◆ **Brief**
Output, exactly as written, the lines below from the one that has "2. Preis, Sanierung" through the one that has "Front sliding column assembly"; nothing else, and no pictures.

◆ **The records**

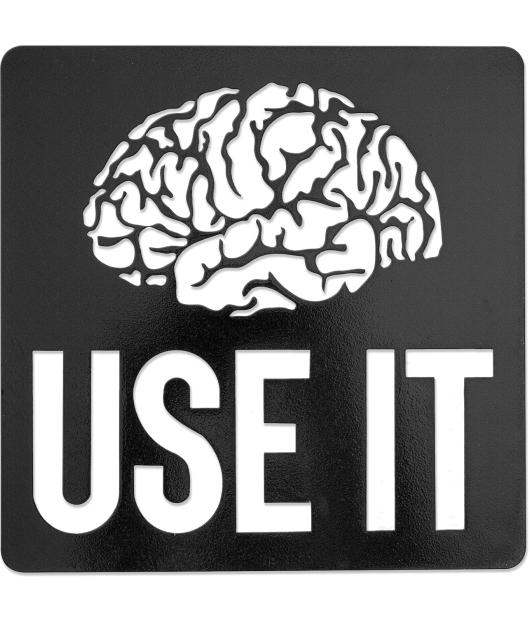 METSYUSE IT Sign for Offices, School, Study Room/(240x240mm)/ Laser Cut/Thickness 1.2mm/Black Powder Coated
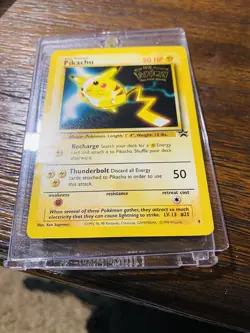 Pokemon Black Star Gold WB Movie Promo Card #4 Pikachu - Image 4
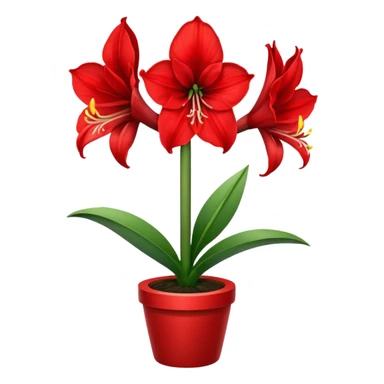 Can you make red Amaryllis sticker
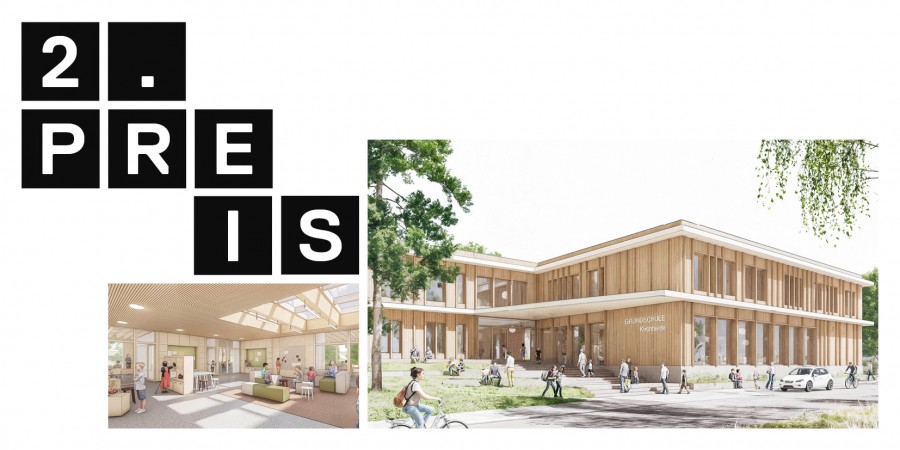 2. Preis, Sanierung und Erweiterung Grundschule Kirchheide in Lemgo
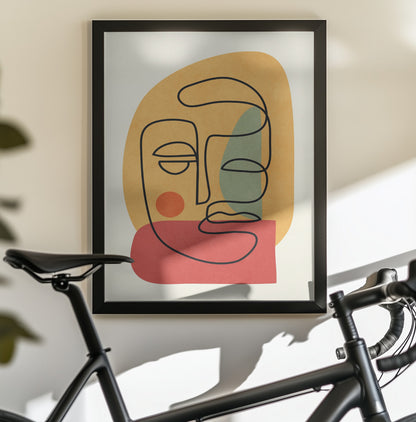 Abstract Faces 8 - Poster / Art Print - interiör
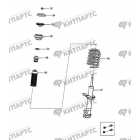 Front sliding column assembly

---

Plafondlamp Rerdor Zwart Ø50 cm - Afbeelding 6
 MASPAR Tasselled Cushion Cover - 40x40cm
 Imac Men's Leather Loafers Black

◆ **Task solution**
 2. Preis, Sanierung und Erweiterung Grundschule Kirchheide in Lemgo
 Abstract Faces 8 - Poster / Art Print - interiör
 Front sliding column assembly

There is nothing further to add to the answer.